An account of a road trip across the USA

Day 0 March 11th, 1985
Behind a cloud of blue smoke and the amber glow of whiskey, the man cleared his throat then spoke in a jaded voice, made hoarse with the passage of time. “There's no place like it in the world," he said. "Things you would've not imagined exist. Spectacles beyond your grasp or mine. It's God's Land there and only He understands how beautiful it is.” The old biker didn't even look at me. In fact, he wasn't talking to anyone, but I was within earshot. He introverted deeper toward the recesses of his memory, taking another hit and one more swig before he drew a faint smile on one corner of his mouth and closed his eyes. In the mirror across, I saw myself standing on top of a mountain peak, scanning the white-capped Rockies all the way to the Rio Grande. Over my shoulder, a bald eagle rose slowly from the abyss below. It came close, very close, then hovered barely beyond arm's reach. The black feathers on the trailing edge of its wings fluttered like fingers playing an invisible flute. The winds whistled and sang, wrapping me with a white shawl made of zephyr and picked me up on the crest of an updraft. My waist-long platinum hair lead the climb as I darted in the air. The eagle, shrieking in ecstasy, followed in my wake. I saw what God sees and I understood. Someday I wanna go to Montana.

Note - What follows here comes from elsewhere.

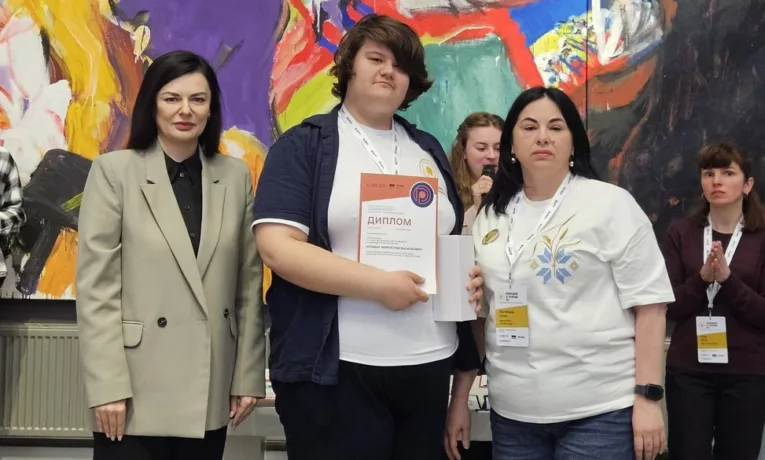 Дев'ятикласник з Тернопільщини виборов диплом ІІІ ступеня на Всеукраїнській олімпіаді з правознавства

Day 1 September 11th, 2012 Porter Ranch, CA to Reno, NV 445 miles / 712 km
It was 10 o'clock when I picked up the car from the rental agency. A white, almost brand-new, Toyota RAV-4 was to be our ride across the continent. Dad was waiting for me out in the street by the mail box. He was as excited as I about the adventure awaiting us. He looked younger than his years. An open mind and a heart of gold makes him as much a son as he is a father to me. I was going to show him the America I haven't seen yet. We fussed over the road atlas and the GPS, the bottles of water and the candy bars, the peanuts, the crackers, and the potato chips, then we waved goodbye to the familiar house at the end of a cul-de-sac and got on our way. At precisely 10:30AM we left Porter Ranch, California behind. Our final destination on this cross country trip was Princeton, New Jersey. Never one to follow a straight line from A to B, however, I headed toward the American Northwest. Who knew when the next opportunity might present itself, if ever? Montana was two days away and I could hardly contain myself. Instead of following the clearly visible road sign ahead, the thick line on the map and the frantic British female voice of the Garmin, I passed the early exit to Interstate 5 and drove in a northerly direction over a high bridge. Dad objected at first, but I assured him that I won't let Connie (that's the name I gave to the owner of the sexy GPS voice) control me. “I'm running away from it all dad. When we get lost she'll help us. As long as we're temporarily disoriented, but heading in the right direction, I am in charge”. We took Hwy 14 through Palmdale and Lancaster toward the Edwards Air Force Base. We climbed through a path splitting the Eastern Sierra Nevada Mountains in two and zoomed by the Sequoia and the Yosemite National Parks among several others. We only made a couple of stops on that first day, one around midday at a rest area to stretch our legs and another for a late lunch at Carl Jr's in Bishop, California. We opened the door to our hotel room in Reno, Nevada at exactly 7:00PM.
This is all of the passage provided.